Seeking to save Ali Act case, Trout files Motion for Reconsideration

November 22, 2018

Attorneys for Austin Trout have filed a Motion for Reconsideration in light of the District Court ruling which dismissed Trout’s lawsuit against the WBO and sent his case to arbitration.

In its motion, Trout argues that hat the WBO waived any right to arbitration, pointed to the promotion’s own guidelines with respect to jurisdiction and claims that the Ali Act cannot be subject to arbitration.

As you might recall if you have been following this lawsuit, Trout filed a lawsuit against the promotion as he believed he was passed over a chance to fight for the title.  The case was moved to Puerto Rico where the WBO is located and the promotion filed a motion to dismiss the case and compelling it to arbitration per the terms of the contract.  The Court determined that Trout’s promotional agreement with the WBO with its arbitration agreement ruled the day and dismissed the case to go to arbitration.

Trout is now moving for the court to reconsider the ruling.  The Court will have to be persuaded that its original ruling was in error.

Trout argues that by the WBO having moved the case to Puerto Rico it requested the case to be litigated and waived its right to arbitration.  Trout also claims that the parties have engaged in discovery which would be considered litigating the case.  Moreover, they state that Trout’s claims under the Ali Act cannot be determined by arbitration.

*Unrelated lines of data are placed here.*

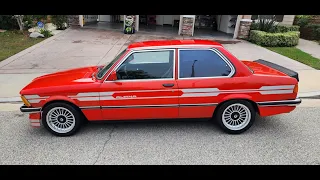 BMW ALPINA C1 e21 320i 325i 323i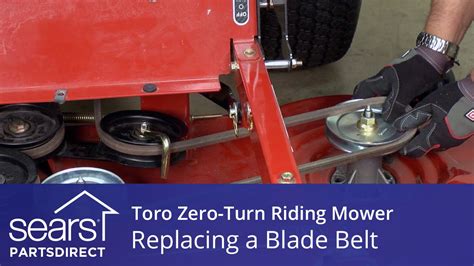 Belt Diagram For Toro Zero Turn Mower Toro Lx500 Drive Belt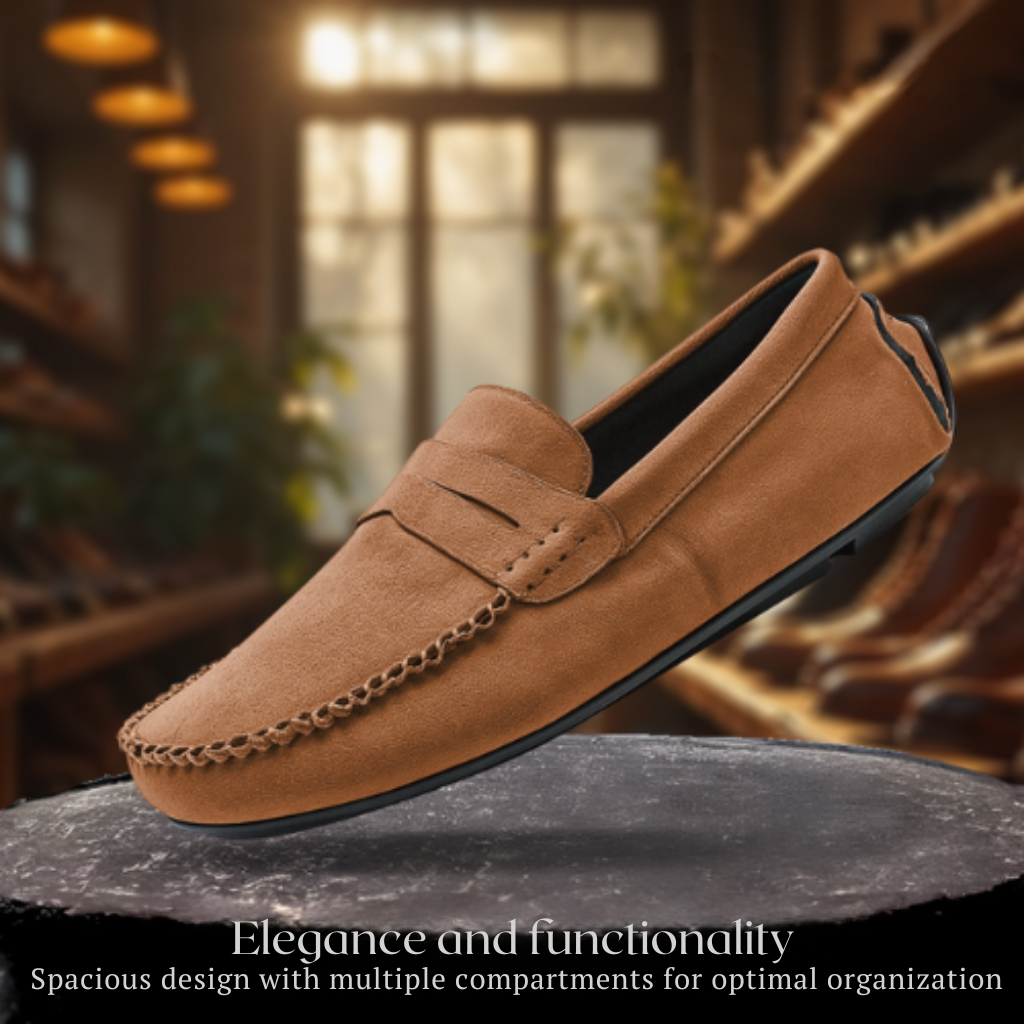 Harry | Comfortable Loafers – Durable, Non-slip, and Fashionable Casual Shoes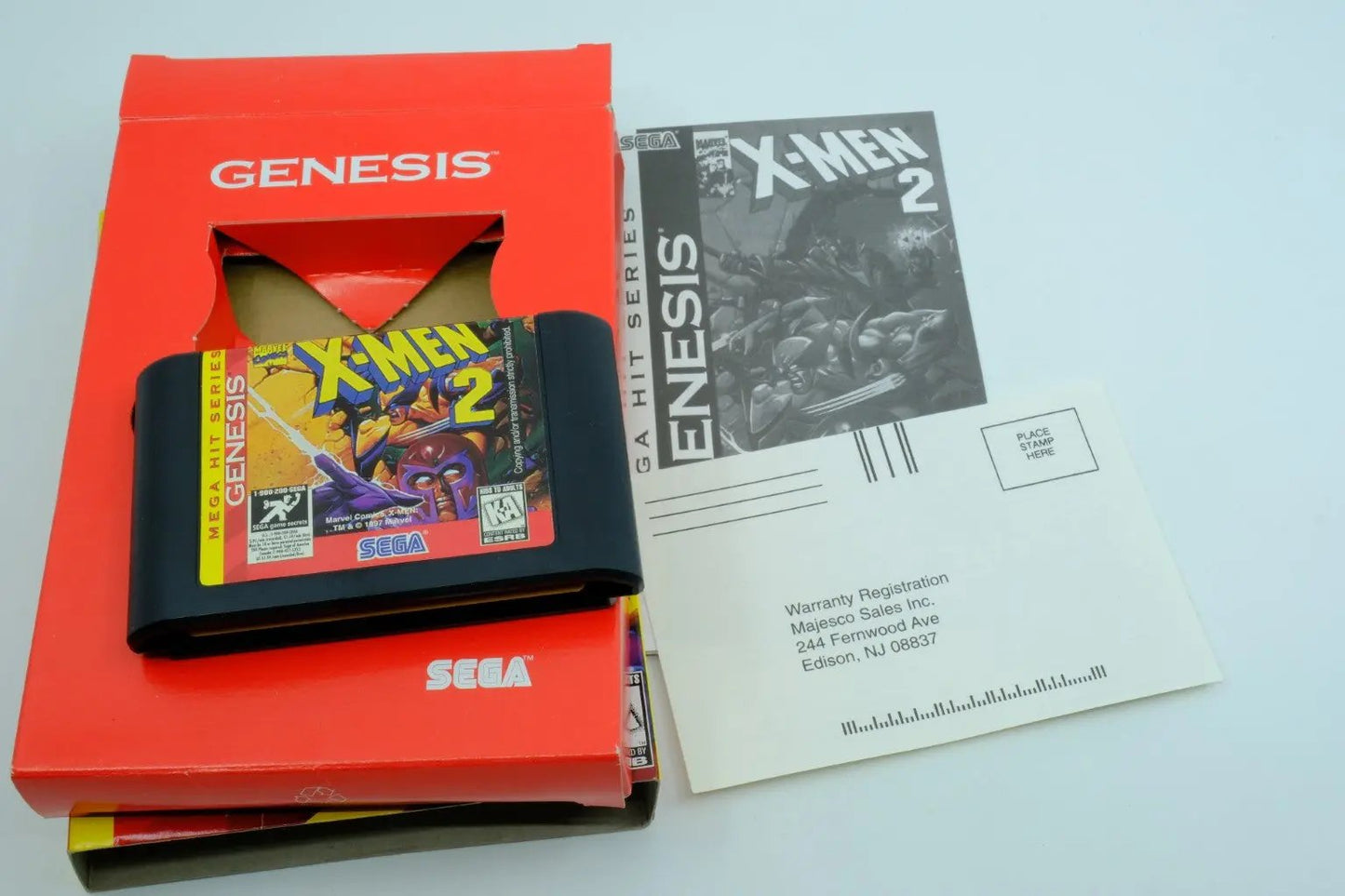 X-Men 2: Clone Wars — Mega Hit Series – Complete in Box RetroGate - Your Gateway to Classic Gaming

In opposing the motion to reconsideration, the WBO notes that there is no error of law which Trout points to that was decided in error.  This may be the strongest argument for denial by the WBO here.  The WBO claims that the motion is merely an attempt to relitigate the points the Court has already decided. In its opposing brief, the WBO claims it did not waive its right to arbitration. WBO states that despite discovery taking place, it did not substantially involve itself in litigation.  It also suggests that even though the contract indicates a jurisdiction and venue for possible litigation it does not “override” the arbitration clause.

The WBO noted that the Ali Act was subject to arbitration.  Although this issue has not been decided, it argues that the “scope of issues subject to arbitration is determined by the agreement itself.”

Motion for Reconsideration by on Scribd

Opposition to Motion by on Scribd

Reply by on Scribd


Payout Perspective:

As we’ve discussed when the Court ruled that this case go to Arbitration, this decision has big implications for those seeking to litigate under the Ali Act.  The WBO claims, citing case law, that any issue in the contract is subject to arbitration.  However, there has not been a legal challenge where a boxer has sued under the Ali Act and it has gone to arbitration.  The WBO makes a compelling case that there has not been an error of law for the Court to overturn its original decision.  An appeal may be necessary if Trout wants to overturn this decision.  MMA Payout will keep you updated.